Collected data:
-----

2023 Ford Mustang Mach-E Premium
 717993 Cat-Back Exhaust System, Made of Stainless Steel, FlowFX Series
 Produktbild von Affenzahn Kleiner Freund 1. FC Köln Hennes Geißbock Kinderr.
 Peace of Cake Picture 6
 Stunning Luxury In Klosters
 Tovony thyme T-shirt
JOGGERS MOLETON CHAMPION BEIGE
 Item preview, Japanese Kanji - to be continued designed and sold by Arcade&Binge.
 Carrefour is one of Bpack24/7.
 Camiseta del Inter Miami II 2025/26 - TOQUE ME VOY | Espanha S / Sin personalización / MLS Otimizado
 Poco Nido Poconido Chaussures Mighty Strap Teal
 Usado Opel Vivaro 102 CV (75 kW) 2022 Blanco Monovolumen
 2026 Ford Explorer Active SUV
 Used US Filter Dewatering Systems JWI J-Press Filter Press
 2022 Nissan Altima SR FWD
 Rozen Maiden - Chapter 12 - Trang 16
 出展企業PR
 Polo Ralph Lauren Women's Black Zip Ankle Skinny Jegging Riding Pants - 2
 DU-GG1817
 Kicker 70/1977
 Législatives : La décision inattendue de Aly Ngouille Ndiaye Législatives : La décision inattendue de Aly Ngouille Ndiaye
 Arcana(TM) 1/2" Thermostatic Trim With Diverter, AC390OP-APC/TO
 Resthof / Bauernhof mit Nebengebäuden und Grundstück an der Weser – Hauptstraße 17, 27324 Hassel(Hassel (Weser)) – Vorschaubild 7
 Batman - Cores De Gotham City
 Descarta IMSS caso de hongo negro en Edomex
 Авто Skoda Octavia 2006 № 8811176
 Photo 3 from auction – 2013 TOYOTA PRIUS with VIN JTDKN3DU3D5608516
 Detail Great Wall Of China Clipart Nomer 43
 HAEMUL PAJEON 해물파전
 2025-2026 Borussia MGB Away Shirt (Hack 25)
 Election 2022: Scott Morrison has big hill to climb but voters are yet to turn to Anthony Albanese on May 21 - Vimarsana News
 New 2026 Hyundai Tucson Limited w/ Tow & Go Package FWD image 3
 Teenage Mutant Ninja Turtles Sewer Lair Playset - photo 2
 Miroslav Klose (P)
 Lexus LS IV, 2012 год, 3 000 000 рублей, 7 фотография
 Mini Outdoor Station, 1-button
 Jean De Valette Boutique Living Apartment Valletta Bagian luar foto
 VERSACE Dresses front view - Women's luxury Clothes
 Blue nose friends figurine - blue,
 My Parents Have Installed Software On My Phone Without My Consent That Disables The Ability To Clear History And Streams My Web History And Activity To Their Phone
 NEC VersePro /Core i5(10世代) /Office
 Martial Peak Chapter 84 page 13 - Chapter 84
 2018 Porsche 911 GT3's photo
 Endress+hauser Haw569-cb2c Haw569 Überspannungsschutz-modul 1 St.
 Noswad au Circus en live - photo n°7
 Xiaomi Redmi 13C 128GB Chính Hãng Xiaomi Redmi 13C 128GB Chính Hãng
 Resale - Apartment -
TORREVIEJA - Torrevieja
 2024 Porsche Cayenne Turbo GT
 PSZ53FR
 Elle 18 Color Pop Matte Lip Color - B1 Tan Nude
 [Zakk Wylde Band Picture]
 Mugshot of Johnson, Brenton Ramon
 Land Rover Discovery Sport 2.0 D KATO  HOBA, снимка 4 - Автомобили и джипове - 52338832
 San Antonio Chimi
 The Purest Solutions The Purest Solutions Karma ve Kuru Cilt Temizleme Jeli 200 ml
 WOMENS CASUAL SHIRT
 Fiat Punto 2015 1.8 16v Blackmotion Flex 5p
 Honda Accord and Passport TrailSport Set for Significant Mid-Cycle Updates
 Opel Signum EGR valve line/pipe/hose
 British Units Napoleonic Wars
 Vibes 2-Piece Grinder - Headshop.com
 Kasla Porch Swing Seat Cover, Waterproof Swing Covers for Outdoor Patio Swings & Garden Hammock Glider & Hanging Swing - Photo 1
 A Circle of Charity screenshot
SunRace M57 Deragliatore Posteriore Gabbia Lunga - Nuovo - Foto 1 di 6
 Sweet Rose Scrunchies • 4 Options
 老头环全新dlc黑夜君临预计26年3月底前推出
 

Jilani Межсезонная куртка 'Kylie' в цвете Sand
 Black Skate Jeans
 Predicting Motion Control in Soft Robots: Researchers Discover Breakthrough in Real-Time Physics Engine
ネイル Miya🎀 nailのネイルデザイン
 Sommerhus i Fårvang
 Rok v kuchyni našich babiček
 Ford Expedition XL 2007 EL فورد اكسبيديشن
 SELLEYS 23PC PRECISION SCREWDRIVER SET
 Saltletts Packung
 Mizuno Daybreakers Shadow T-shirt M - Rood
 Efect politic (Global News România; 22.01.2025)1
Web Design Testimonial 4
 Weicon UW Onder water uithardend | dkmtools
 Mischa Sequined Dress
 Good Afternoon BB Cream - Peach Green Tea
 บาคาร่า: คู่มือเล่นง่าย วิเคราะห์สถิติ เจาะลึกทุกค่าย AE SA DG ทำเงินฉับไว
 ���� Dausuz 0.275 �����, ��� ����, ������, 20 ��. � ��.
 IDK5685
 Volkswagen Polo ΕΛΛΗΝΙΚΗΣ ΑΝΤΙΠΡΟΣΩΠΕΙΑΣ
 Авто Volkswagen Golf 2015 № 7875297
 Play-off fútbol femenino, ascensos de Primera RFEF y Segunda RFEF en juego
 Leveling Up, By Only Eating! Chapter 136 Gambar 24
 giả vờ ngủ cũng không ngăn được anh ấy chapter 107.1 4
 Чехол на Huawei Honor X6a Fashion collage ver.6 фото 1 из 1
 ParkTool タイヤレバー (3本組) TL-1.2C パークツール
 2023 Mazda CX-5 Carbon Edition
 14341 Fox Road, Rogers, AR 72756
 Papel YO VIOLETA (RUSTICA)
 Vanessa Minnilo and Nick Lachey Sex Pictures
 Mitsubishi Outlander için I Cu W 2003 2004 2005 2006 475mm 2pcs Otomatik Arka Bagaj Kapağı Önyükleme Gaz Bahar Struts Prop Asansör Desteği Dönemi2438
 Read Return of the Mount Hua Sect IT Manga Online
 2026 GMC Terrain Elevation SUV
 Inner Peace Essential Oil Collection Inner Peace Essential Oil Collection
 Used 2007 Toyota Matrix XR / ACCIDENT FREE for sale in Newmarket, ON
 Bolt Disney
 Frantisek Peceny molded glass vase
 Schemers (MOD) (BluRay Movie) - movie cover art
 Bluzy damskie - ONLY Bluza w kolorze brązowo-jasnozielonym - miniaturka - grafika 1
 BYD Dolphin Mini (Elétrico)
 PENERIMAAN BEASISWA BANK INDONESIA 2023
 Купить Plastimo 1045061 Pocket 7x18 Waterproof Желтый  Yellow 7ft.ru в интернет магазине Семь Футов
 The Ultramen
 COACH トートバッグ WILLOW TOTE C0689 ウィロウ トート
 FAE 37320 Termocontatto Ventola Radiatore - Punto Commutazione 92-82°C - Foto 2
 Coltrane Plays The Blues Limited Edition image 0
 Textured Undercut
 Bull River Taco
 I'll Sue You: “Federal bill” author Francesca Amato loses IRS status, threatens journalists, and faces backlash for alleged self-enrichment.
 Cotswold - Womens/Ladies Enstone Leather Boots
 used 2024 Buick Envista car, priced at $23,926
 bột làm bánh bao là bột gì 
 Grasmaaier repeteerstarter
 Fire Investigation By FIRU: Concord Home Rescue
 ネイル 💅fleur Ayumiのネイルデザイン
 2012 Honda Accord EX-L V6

-----

*HOW TO COMPLETE THIS TASK*
If a line in the data holds the string "Punto", copy that line.

*REPLY*
 Fiat Punto 2015 1.8 16v Blackmotion Flex 5p
 FAE 37320 Termocontatto Ventola Radiatore - Punto Commutazione 92-82°C - Foto 2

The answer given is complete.